|Ph.D Student||Nigel-Etinger Izana|
|Subject||Early Transition Metal Corrole Complexes|
|Department||Department of Chemistry||Supervisor||Professor Zeev Gross|
|Full Thesis text|
Considering the strong reducing power of early transition metals in general, it is quite surprising that the chemistry of the corresponding corrole chelates remains quite unexplored. Examples that testify for the above are: sporadic reports on titanium and vanadium corroles in their most stable oxidation states, (oxo)titanium(IV) and (oxo)vanadium(IV). The same limitation holds for the heavier congeners of group 6: there are several publications on (oxo)molybdenum(V) corrole, and a trioxo-bridged binuclear tungsten(VI) corrole which was reported recently. Only the chemistry of chromium corroles has been developed beyond its most stable (oxo)chromium(V) state.
This thesis focused on Cr, Mo and W corroles, while some findings on V and Ti corroles are reported in a separated appendix. Molybdenum is a very important element in the biochemistry of animals, plans and microorganisms. It is actually the only second row transition metal that has natural biological functions. The most explored molybdenum containing enzymes are nitrogenases, which catalyze the reduction of nitrogen to ammonia by a coupled reaction of transferring electrons and protons. Considering the very important chemistry of low-valent molybdenum complexes, we have decided to start our research by exploring the limited chemistry of molybdenum corroles. This was done by first exploring a variety of methodologies for reduction of the (oxo)chromium(V) complex (tpfc)CrV(O) [tpfc = trianion of tpfc]. These studies also included the previously reported brominated corrole and the introduction of the chromium complexes of a fully chlorinated corrole, which exhibits very unique properties in comparison to (tpfc)CrV(O).

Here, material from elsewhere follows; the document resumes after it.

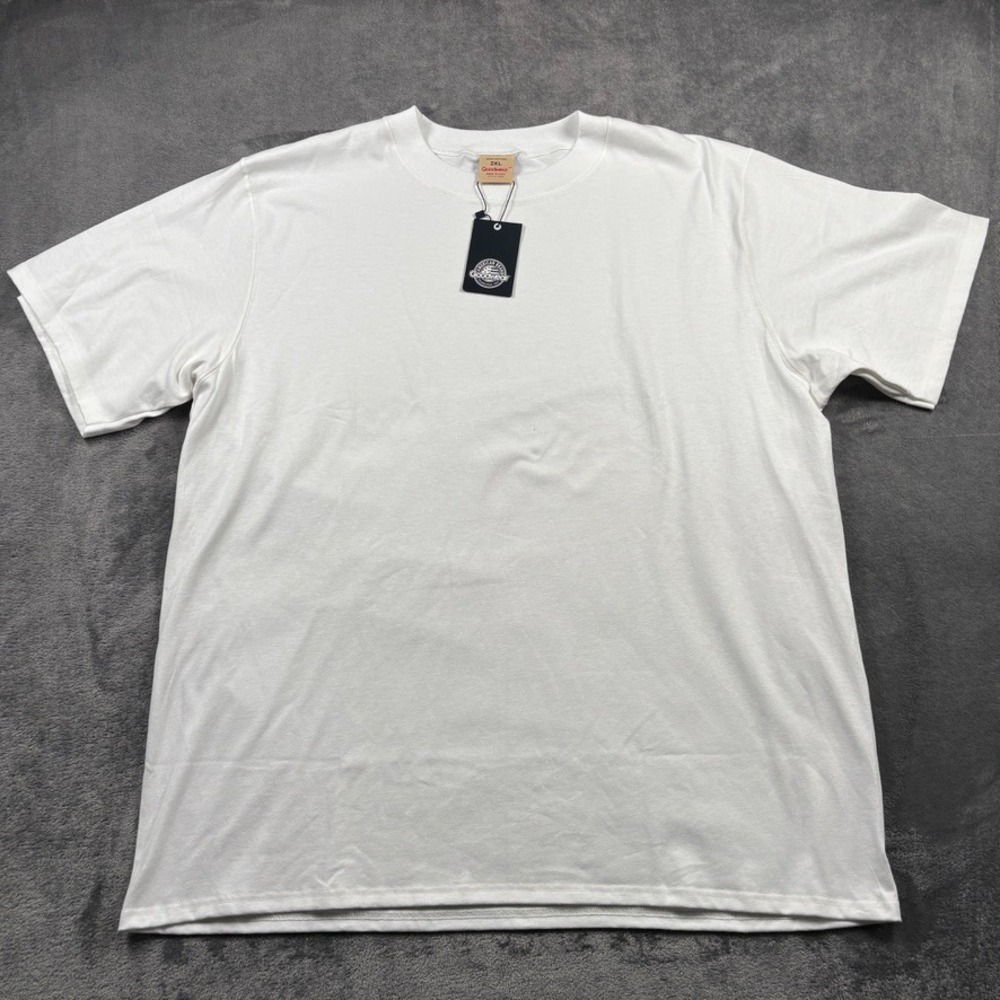 Goodwear Shirt Mens 2XL White Cotton Crew Neck Short Sleeve Pullover Made in USA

The acquired knowledge was used for possible adoption for the (oxo)molybdenum(V) corrole (tpfc)MoV(O). This led to full identification of two novel molybdenum(IV)corrole complexes; the mononuclear (tpfc-Br8)MoIVOSi(CH3)3, and a binuclear molybdenum(IV) corrole dimer. These two new molybdenum(IV) corrole complexes open new perspectives regarding the chemistry of molybdenum corroles. Also introduced was a new method for preparing a fully brominated (tpfc-Br8)MoV(O), which displayed novel spectroscopic, electrochemical and catalytic properties compared to non-halogenated (tpfc)MoV(O). One promising application of that has been explored for both (tpfc)MoV(O) and (tpfc-Br8)MoV(O) is their potentials as catalysts for electrochemical reduction of protons to hydrogen gas.
We also introduced the first tungsten corrole via full characterization of a complex that appears to be novel by being the first 5d early-transition-metal metallocorrole and the first binuclear tungsten complex with trioxo bridge. Oxygen atom transfer to very oxophilic reagents was found to be possible, suggesting that tungsten corroles could be used as catalysts for aerobic oxidation.